Scott Land and his marionettes

On a small scale, of course: “Matt and Trey are geniuses, but they didn’t know what they were getting into. No one will ever touch a $32 million film with string puppets again.”

“Never say never,” his wife Lisa Land, who is also his assistant, chimes in from the background of their Las Vegas studio. “I’m working on it.”

Nearby workbenches covered with tools, materials and unfinished puppet heads are accompanied by the marionette faces of Neil Patrick Harris, Jack Nicholson, Vegas’ own Big Daddy Carlos and Oscar Goodman, each sculpted from clay by Land with Mad magazine-inspired exaggerated features. Land makes the molds and strings the puppets. Lisa, who has a background in art, paints the faces once they’re created.

Joe Berry, a composer and musician who operates a marionette in Tony Clifton shows at the Comedy Store in LA, is working Land’s Cousin Victor in the studio. He’s two years into puppetry and studying marionettes with Land. But he’s also a collaborator in Team Land Productions, writing original music for the project.

He and Land met at Arquette’s club, where Berry plays trumpet. It was an opportune moment for Berry, who was studying Team America while practicing with his little Tony Clifton marionette, and who considers Land the best puppeteer in the world.

Like other performing art forms, marionette artistry is often passed down through the masters of the previous generations. Land has worked with noted puppeteer Tony Urbano in a job that taught him about marionette manipulations; he studied with German puppeteer Albrecht Roser, known there for his clown Gustaf; and took inspiration from comedians, performers in specialty circus acts and vaudeville artists, including his late friend Carl Ballantine, whose voice Land recorded for his Ballantine marionette.

At age 10, Land spent five months constructing his first marionette (a vampire), using instructions from a library book and materials from Fedco. With a mirror leaned against the bedroom wall of his Southern California home, he practiced for hours every day. His first children’s party performance was at 12. The clown, juggler, magician, puppeteer and entrepreneur was already mapping his future, noting that his heroes—marionette artists like Bob Baker, “the rock star” of puppetry—had made careers as marionette artists.

Now Land wants to teach others the art of marionette, which dates back to ancient Greece and had a history in opera and European theater, before hitting American pop culture in the 20th century. But it’s endangered in the U.S. today, in contrast to Europe, where there are theaters dedicated to marionettes.

An Oscar Goodman marionette head in the shop of Scott Land

An Oscar Goodman marionette head in the shop of Scott Land

“American audiences have no respect,” Land says. “In America, you’re just the puppet guy with someone asking you with a martini, ‘Why don’t you set up in the living room, my kids will enjoy it.’”

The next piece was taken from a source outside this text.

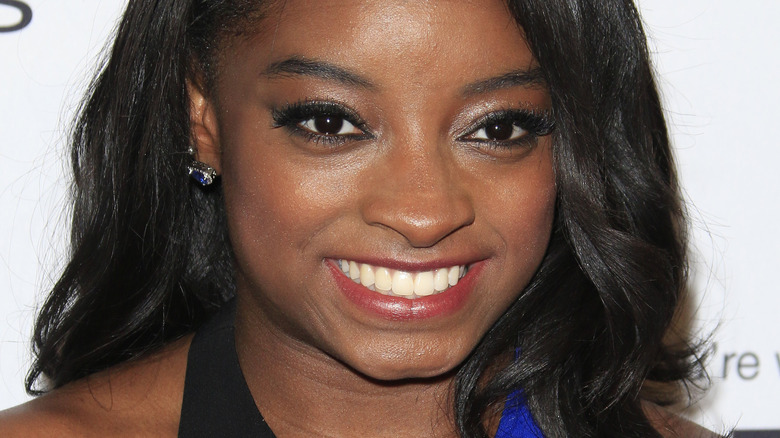 Simone Biles smiling on the red carpet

Maybe Team Land’s YouTube shows will expose audiences to the breadth of the genre. A stage is being built in the studio, and plans to begin taping are set for August. Land says he’ll act out political issues or stories like the Donald Sterling controversy with marionettes that he creates. No particular angle. No political spin, just “fun and interesting” and open to interpretation.

More recently, Land sees a change in attitude toward marionettes as a hip, throwback element of counterculture, appealing to younger crowds.

“They like to see anything that takes craft and they want it. It’s like young people wanting to listen to records or like seeing a jazz musician as opposed to dance music that is synthetic.”

The producers, the guys with money, are not interested,” he says. “But when I do marionettes, it’s so backward that the public is drawn to it.”